I was keen to get her view on the prospects of women following her into academia, and she was optimistic. “This was a man’s University for 750 years, and it’s come a long way in the last 50 – but you don’t change seven and a half centuries completely in half a century. For all its efforts, Cambridge is still a very oddly gendered place – but it would be far too crude to say it’s simply misogynistic – it isn’t that.” And she is confident that women’s colleges still have an important place. “If I hadn’t thought we needed them I’d have done a runner! Particularly when I was the only woman in the Classics faculty, I could go back to my college for lunch and complain about how I had forgotten the kids’ ballet shoes or something like that in a way that would be understood… you were with people who knew what you were talking about – trying to live split lives; it always seems to me that it’s overwhelmingly the women who come to work with domestic responsibility still in their heads. Maybe they’re just better at pretending, but observing my male colleagues, I don’t think they sit down at lunch and think ‘Oh shit! Who’s got the ballet shoes?’”

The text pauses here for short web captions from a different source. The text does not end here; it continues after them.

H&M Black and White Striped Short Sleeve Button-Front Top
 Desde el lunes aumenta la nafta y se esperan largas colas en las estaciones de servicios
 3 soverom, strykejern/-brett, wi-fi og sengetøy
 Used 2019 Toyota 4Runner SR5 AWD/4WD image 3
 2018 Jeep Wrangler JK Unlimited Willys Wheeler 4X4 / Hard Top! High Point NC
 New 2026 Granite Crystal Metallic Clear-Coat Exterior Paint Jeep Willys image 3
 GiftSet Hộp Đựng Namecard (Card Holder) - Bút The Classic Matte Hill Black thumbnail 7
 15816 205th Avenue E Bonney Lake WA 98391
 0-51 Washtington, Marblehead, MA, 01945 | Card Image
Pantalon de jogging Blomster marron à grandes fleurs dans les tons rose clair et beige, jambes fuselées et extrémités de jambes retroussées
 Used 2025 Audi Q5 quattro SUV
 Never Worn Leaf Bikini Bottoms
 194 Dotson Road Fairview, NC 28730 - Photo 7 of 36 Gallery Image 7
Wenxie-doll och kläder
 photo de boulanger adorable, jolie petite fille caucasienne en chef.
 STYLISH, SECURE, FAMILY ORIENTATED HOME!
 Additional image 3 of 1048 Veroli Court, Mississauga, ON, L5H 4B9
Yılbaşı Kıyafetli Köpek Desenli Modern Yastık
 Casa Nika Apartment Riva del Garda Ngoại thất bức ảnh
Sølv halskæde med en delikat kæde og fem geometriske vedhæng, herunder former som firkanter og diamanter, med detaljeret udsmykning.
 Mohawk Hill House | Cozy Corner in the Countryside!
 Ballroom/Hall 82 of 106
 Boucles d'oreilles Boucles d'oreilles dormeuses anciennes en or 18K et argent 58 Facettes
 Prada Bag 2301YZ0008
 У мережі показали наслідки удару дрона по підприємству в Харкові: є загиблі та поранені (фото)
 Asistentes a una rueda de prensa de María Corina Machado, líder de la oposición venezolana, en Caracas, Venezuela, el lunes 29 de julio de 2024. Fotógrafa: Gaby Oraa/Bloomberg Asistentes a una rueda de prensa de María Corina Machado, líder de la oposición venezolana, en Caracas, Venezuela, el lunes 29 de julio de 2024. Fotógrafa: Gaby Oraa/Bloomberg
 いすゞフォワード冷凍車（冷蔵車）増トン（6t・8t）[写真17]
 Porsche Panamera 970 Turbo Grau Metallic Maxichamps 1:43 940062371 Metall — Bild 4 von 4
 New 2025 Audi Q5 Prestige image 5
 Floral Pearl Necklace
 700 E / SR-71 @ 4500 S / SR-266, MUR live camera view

From the buttery to the BBC, she sees her rise to fame as “a whole series of interlocking coincidences”, but largely credits her subject matter – the Romans themselves. I asked her about why she thought that was; why, for instance, archaeologists had chosen to dub a new discovery in Cambridgeshire the British – “Pompeii!” she exclaimed. “I know! I think that’s really interesting, isn’t it? I think there hasn’t been a moment in my consciousness where Rome hasn’t been a big part of a fairly wide popular culture. There’s something about the Romans that speaks to us about being us. And obviously in Europe that’s aided by knowing that the political geography of your country is Roman. Why is London the capital? – because the Romans made it the sodding capital!”

Despite assuring me that “anybody who does telly has to know that if you’re very popular now, there will come a time when they don’t want you”, she has two new programmes on the horizon – a one-off documentary about Pompeii to be broadcast in March, and a series on the Roman Empire which she describes as “quite hard core” – to be broadcast in four parts. “It’s asking: who’s actually running the Empire? Who’s the guy on the door? Who’s the guy from Spain who’s bringing the olives to Rome? So it’s kind of a mixture of the slightly blokeish big historical questions and the nitty gritty.”

Concerned that our 15 minute interview slot was nearing half an hour, I pointed out that we had gone over time. “It doesn’t matter,” she replied, “we’re enjoying it!” and resumed a trail of thought flitting from Robert Harris’s Cicero trilogy to her dislike of soundbites such as ‘long term economic plan.’ It struck me that to outward appearances at least, she is someone who is always enjoying it. It is her authentic enthusiasm for discussing her work which has turned a Classics professor at Newnham into a household name. If she is one of those academics who goes to bed worried, she really needn’t be.